Let’s take YouTube for example. If a creator makes a long form video that’s 10 minutes, YouTube has the option to play an ad before the video, include ads throughout the video, as well as another at the end. That’s a lot of ads generating revenue around one video from one creator. By comparison, if that same creator posts a Shorts video that’s 30 seconds in length, YouTube can’t play an ad right before, or in the middle because it’s too short. Instead, YouTube will place an ad between every four or five Shorts.
“If you think about the number of ads played per second, they’re actually not too dissimilar, it’s just the fact that short-form is what it says: it’s short. So it just doesn’t generate revenue in the same way,” said Paddy Galloway, a creator and co-founder of YT Jobs.
So it makes sense that YouTube, Instagram and the rest are trying to build out more sustainable creator monetization opportunities. Look at TikTok, for instance. It recently launched Series, which lets creators erect paywalls around their longer content. And Snapchat has introduced Spotlight Challenges, which provide cash prizes for users who post the best videos on a specific theme. This is very much a period of experimentation.
“We are seeing platforms roll out more creator monetization tools like subscriptions and tipping, which provide alternative routes for creators to earn money that are more recurring and do not eat into the platform’s revenue too much,” explained Lindsey Gamble, associate director of influencer innovation at Mavrck. “One of the significant challenges for platforms is to balance helping creators earn money while also ensuring that they are doing right for their businesses.”
But these new monetary streams aren’t directly addressing the crux of the problem: that short-form video is difficult for platforms to monetize right now.
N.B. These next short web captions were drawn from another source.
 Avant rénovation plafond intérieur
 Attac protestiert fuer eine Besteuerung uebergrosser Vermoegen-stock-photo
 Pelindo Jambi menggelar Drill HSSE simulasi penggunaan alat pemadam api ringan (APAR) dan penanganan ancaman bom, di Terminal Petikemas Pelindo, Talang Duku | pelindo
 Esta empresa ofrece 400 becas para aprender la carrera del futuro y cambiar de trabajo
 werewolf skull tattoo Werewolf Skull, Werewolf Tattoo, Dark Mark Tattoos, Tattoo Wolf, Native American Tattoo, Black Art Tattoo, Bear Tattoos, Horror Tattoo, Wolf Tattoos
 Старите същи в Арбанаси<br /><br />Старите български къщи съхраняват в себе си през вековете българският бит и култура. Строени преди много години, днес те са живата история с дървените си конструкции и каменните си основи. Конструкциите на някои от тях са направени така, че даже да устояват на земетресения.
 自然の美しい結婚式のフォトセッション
Subscriptions and tipping, for instance, put more onus on creators’ own communities to almost fill the pay gap. And understandably, creators are reluctant to rely on their fans to pay revenue they previously made directly from the platforms.
What can be done instead?
“The best solution to replace creator funds continues to be a revenue share on advertiser spend against a creator’s content, which is hard to build, hard to support,” said Phil Ranta, COO of We Are Verified.
Which makes sense. Revenue share more closely ties pay-outs to a channel’s performance. So the platforms are still paying for content, but not at a loss of their own profit.
It’s exactly why YouTube got rid of its Shorts Fund and instead included Shorts monetization in its Partnership Program. Since February, creators have been entitled to share in the ad revenue generated through eligible Shorts, specifically in YouTube’s Shorts feed. And this is an additional rev share deal to its long-form content stream.
“The way YouTube has monetized creators is so innovative and it’s been ahead of its time,” said YT Jobs’ Galloway. “It’s the best business model that’s ever existed because creators get paid for making content, and audience members get pretty great content without having to pay.”
For these other platforms to enable ad revenue share, they have to have the technological infrastructure, not only to pay out the cash to creators, but also have a plan about how they’re going to allocate that ad revenue to the creators in the right way.
So creator funds have almost been like a stepping stone before a more permanent rev share deal is either considered or put into place.